Directions>
For the material below, return exactly the lines starting at the line containing "Freelance Working On" and ending at the line containing "A wooden embroidery", both ends included, and no others.

#### Available data

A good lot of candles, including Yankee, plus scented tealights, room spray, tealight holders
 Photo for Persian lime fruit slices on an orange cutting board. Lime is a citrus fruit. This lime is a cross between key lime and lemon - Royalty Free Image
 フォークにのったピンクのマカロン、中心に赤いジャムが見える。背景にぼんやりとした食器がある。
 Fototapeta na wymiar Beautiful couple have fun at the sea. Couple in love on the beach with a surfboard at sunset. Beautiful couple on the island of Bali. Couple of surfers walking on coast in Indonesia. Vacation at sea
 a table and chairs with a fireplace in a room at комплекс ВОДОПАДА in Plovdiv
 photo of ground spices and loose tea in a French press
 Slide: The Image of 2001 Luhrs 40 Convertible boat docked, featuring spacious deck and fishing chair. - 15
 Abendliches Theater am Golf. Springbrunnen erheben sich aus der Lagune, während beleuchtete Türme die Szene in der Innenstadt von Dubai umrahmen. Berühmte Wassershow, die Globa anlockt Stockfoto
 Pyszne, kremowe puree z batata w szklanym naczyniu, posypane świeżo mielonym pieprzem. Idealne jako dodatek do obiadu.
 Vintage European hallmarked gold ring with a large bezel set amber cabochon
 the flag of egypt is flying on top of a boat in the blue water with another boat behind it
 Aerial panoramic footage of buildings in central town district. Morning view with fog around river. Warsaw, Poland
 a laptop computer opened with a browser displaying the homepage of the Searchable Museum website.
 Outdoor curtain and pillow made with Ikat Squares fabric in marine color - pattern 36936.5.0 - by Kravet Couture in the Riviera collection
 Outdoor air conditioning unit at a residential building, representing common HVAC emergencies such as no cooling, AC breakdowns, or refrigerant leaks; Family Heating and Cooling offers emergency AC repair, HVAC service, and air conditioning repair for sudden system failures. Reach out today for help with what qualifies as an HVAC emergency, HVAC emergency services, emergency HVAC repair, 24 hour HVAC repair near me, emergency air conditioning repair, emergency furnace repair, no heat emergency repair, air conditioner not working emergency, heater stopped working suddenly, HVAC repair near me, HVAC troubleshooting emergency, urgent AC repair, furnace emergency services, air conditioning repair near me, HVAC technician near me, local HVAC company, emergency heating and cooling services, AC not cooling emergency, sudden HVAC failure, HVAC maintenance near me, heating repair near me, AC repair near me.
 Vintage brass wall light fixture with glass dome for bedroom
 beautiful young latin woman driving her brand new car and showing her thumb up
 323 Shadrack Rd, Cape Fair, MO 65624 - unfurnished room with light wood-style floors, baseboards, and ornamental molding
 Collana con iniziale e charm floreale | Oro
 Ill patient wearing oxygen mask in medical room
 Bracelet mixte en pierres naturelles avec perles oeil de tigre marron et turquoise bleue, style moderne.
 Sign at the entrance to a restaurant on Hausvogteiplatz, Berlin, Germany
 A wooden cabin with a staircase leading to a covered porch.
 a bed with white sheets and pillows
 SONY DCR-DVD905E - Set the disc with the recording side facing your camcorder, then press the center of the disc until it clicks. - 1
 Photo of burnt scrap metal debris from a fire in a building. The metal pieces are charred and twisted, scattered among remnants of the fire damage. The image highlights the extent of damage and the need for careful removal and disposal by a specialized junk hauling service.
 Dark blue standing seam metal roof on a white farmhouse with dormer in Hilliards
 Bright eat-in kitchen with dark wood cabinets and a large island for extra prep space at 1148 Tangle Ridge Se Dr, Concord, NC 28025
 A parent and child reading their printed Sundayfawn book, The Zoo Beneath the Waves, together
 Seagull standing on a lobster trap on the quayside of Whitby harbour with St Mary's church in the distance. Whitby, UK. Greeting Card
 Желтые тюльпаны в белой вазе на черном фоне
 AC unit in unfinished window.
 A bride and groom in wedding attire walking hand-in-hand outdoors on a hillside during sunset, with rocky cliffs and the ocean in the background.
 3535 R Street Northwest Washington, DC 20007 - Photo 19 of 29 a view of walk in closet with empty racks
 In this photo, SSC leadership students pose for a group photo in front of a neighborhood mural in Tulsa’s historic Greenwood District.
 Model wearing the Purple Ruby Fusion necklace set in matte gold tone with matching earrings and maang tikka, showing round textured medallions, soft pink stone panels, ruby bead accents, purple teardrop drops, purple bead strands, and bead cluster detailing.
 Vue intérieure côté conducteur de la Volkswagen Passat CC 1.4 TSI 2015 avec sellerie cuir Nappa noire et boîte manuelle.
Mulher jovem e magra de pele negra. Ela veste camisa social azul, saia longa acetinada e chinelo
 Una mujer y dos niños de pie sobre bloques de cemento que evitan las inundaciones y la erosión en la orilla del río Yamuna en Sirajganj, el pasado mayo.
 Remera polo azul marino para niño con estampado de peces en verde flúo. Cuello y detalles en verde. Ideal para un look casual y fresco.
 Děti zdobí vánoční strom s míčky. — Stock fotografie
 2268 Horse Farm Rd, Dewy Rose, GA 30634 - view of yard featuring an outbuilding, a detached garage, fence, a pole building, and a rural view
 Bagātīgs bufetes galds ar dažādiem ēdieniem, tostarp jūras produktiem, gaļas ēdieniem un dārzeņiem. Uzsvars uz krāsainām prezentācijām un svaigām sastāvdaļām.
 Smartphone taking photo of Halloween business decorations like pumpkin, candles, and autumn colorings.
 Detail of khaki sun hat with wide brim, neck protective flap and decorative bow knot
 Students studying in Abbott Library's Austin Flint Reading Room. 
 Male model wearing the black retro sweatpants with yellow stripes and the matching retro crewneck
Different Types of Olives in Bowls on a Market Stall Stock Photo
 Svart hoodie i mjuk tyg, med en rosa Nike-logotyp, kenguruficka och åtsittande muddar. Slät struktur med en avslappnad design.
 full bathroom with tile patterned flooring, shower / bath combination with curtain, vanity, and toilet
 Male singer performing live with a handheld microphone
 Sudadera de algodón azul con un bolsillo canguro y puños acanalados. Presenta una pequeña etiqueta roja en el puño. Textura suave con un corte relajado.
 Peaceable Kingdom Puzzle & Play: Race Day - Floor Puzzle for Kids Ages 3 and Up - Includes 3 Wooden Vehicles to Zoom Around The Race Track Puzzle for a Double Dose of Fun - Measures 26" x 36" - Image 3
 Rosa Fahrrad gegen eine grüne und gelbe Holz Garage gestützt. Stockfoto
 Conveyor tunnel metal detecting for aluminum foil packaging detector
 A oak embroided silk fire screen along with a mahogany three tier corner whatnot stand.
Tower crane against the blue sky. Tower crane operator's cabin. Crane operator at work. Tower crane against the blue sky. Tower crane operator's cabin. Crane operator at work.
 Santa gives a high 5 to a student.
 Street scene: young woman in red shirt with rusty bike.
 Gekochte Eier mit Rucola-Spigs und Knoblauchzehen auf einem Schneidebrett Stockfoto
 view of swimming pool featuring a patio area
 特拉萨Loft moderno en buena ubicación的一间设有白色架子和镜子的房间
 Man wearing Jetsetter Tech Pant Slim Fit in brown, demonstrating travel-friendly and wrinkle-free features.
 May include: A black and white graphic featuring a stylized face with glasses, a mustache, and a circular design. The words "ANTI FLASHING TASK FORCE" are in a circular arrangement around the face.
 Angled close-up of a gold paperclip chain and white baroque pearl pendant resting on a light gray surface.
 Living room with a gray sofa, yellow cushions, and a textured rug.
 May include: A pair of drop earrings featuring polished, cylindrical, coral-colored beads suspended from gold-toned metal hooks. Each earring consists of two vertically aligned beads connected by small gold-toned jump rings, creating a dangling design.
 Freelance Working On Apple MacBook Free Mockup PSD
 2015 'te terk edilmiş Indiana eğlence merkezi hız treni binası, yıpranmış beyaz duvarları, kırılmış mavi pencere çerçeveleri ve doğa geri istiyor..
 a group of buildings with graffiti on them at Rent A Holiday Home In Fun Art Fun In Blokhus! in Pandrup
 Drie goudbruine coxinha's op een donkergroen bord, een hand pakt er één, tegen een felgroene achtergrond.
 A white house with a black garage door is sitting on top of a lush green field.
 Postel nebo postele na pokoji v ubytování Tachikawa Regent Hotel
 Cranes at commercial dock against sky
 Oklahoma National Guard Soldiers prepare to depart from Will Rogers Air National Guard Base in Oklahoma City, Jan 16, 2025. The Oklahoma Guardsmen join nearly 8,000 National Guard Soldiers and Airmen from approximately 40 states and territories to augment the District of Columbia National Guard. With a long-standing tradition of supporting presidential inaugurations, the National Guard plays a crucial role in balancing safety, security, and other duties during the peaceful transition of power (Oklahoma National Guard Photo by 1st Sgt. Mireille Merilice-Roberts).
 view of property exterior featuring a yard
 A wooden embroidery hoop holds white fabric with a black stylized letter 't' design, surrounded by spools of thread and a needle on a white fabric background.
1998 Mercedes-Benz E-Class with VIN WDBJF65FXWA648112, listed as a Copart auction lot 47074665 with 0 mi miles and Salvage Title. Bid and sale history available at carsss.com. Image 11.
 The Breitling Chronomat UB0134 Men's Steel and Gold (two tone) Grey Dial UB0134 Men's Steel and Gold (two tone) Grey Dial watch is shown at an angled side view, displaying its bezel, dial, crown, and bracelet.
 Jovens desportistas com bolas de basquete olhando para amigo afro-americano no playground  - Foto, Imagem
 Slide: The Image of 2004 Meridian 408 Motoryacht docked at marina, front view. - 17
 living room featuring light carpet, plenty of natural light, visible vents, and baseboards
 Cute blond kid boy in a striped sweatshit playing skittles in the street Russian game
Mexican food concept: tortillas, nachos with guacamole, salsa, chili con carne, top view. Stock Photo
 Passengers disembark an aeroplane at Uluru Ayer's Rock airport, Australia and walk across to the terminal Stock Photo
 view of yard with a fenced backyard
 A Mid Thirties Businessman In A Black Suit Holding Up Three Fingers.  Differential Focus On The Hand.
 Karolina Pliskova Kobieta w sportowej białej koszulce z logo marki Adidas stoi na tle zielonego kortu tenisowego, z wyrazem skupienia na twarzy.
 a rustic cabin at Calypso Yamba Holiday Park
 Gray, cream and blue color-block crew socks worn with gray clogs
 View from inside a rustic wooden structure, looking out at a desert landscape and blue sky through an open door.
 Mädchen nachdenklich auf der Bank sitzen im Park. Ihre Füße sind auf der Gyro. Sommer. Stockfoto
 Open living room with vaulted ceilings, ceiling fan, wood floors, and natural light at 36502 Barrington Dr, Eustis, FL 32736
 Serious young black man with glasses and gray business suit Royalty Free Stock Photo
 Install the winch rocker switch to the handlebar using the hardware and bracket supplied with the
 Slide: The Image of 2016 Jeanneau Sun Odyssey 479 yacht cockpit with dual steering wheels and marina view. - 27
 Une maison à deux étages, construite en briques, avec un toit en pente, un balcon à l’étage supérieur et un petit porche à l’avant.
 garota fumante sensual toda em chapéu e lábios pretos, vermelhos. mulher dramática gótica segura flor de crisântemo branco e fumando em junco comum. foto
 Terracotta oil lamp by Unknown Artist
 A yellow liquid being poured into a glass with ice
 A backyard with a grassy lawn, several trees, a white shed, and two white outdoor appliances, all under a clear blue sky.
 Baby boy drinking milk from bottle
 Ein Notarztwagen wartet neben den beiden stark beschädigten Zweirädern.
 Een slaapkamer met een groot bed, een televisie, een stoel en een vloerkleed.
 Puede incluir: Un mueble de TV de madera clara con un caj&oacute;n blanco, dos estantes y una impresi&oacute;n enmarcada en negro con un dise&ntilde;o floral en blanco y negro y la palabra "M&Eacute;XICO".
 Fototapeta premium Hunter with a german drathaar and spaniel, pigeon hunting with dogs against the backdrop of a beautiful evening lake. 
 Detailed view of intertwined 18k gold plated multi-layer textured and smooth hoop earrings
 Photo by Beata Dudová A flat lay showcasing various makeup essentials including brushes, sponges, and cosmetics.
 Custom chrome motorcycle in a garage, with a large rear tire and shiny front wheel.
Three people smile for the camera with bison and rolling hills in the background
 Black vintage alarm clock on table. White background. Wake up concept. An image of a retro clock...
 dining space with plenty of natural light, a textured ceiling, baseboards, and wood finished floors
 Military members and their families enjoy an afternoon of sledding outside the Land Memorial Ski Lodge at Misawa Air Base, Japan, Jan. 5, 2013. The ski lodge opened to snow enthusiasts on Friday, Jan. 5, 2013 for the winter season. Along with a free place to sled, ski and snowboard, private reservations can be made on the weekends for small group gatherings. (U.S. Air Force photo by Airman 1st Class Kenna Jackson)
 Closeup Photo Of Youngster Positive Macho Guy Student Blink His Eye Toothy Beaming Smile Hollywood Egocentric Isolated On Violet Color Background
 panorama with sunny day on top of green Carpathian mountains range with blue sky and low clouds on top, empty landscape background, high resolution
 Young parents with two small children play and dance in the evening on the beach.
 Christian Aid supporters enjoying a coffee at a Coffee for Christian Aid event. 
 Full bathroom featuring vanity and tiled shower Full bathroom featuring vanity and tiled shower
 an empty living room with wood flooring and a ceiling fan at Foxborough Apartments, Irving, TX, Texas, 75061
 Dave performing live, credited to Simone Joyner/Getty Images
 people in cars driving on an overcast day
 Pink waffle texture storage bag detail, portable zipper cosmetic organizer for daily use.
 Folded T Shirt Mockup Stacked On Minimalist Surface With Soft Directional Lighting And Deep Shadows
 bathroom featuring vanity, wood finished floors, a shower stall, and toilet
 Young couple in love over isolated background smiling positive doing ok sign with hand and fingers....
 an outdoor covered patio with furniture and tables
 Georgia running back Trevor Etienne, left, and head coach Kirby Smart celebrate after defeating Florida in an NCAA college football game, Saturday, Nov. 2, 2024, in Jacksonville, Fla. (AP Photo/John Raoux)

########

Finished exercise>
 Freelance Working On Apple MacBook Free Mockup PSD
 2015 'te terk edilmiş Indiana eğlence merkezi hız treni binası, yıpranmış beyaz duvarları, kırılmış mavi pencere çerçeveleri ve doğa geri istiyor..
 a group of buildings with graffiti on them at Rent A Holiday Home In Fun Art Fun In Blokhus! in Pandrup
 Drie goudbruine coxinha's op een donkergroen bord, een hand pakt er één, tegen een felgroene achtergrond.
 A white house with a black garage door is sitting on top of a lush green field.
 Postel nebo postele na pokoji v ubytování Tachikawa Regent Hotel
 Cranes at commercial dock against sky
 Oklahoma National Guard Soldiers prepare to depart from Will Rogers Air National Guard Base in Oklahoma City, Jan 16, 2025. The Oklahoma Guardsmen join nearly 8,000 National Guard Soldiers and Airmen from approximately 40 states and territories to augment the District of Columbia National Guard. With a long-standing tradition of supporting presidential inaugurations, the National Guard plays a crucial role in balancing safety, security, and other duties during the peaceful transition of power (Oklahoma National Guard Photo by 1st Sgt. Mireille Merilice-Roberts).
 view of property exterior featuring a yard
 A wooden embroidery hoop holds white fabric with a black stylized letter 't' design, surrounded by spools of thread and a needle on a white fabric background.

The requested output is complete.